Plus, he knows he needs to get a balance right between explaining to players how standards need to rise without denting their confidence.
Unlike Lens in 1999, the problems from Murrayfield are fixable. And Schmidt will have told the players that.
By Monday afternoon, the healing process will have begun. There'd be an edge to training.
Players will have screamed at each other, demanding the best, in terms of effort and standards. In the past, during weeks like this, I can frequently remember rows occurring between team-mates. And yet, when training was over, we'd all feel a little bit better about ourselves.

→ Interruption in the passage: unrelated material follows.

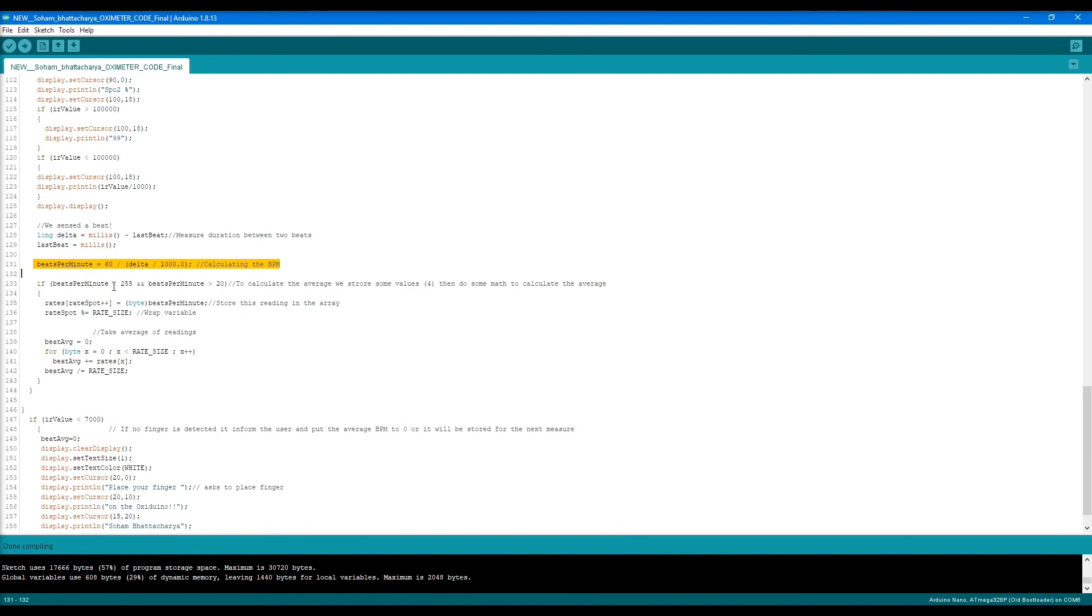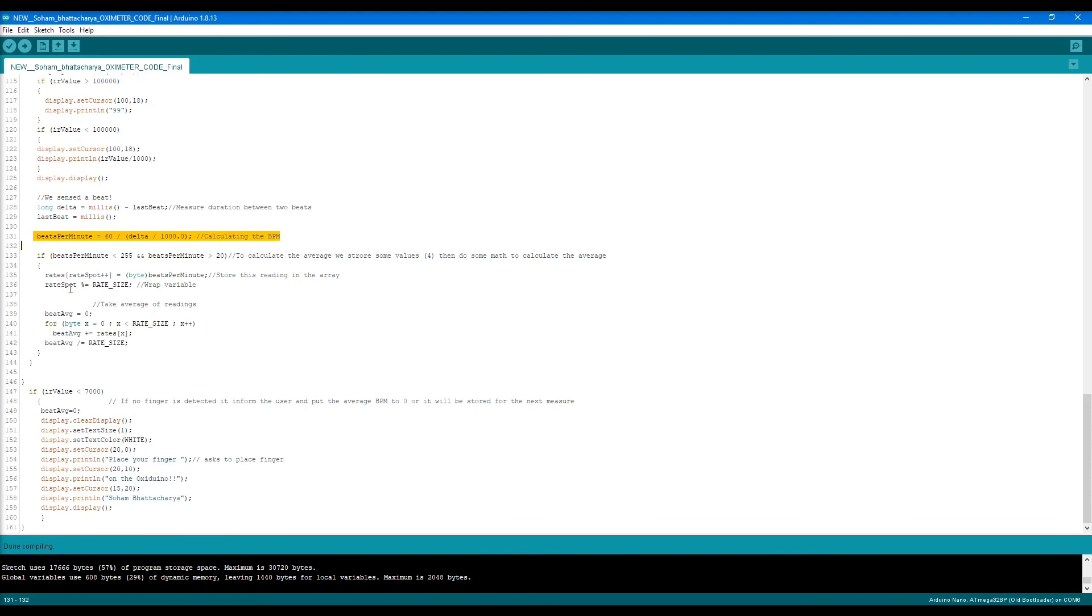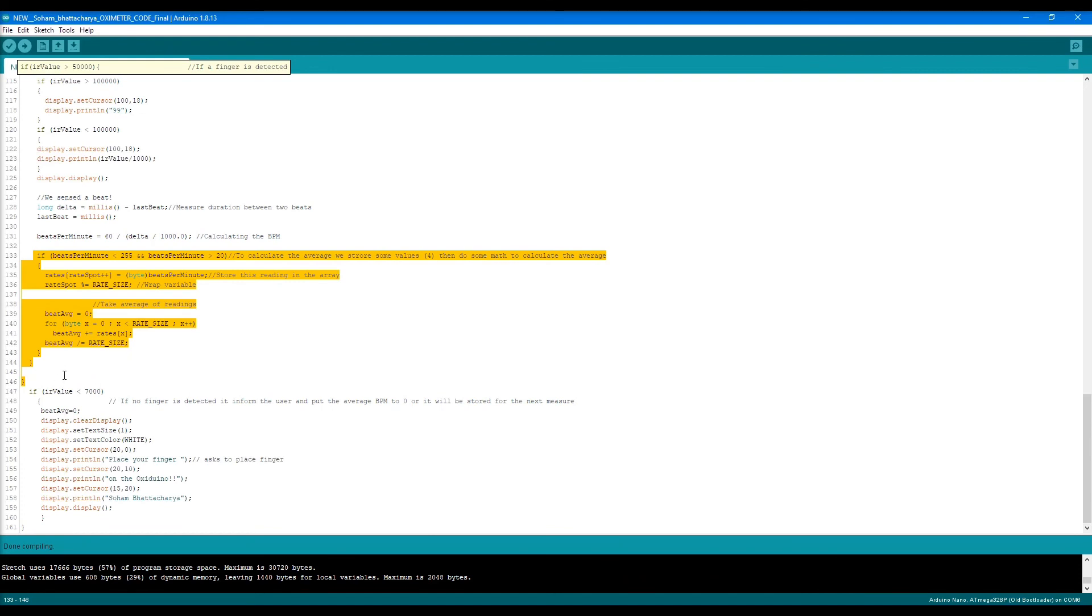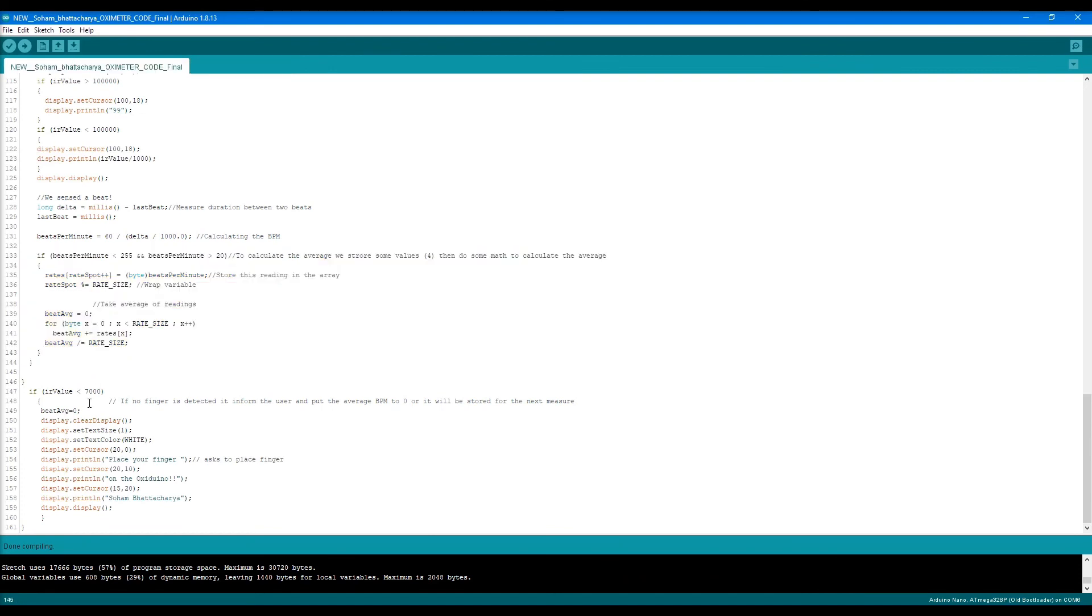We store some values in here, and a lot of math is done. The data collected and stored within the variables is averaged, and other calculations are done to print the last BPM value.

Still, a week is a long time in sport. Even if you have turned a corner, mood wise, on a Monday, you'll know, deep down, that the waiting game until Saturday is tortuous.
Preparing for Italy - and figuring out how to beat them - will take over your thoughts as the days go by, but believe me, after a loss like last Saturday, hours will feel like days, days like weeks.
By this morning, they'll be focused, even if the unwanted distraction of Rory Best's stomach bug - which forced the Irish captain to miss training yesterday - is a negative factor they have to contend with.
If Best makes it, there'll be relief, but even if he doesn't, deep down there will still be a confidence in Niall Scannell and also a conviction that if Ireland turn up with the right attitude and match the Italians' physicality that they should have too much class for their hosts.
They'll know what's coming, that Italy will attack Ireland around the edges and attempt to ruffle them.
If Ireland's attitude is right, though, and if they enter the game with a positive mindset then it isn't just a victory that they'll be travelling home with, but a bonus point, too. In more ways than one, the team needs to show stomach for the fight.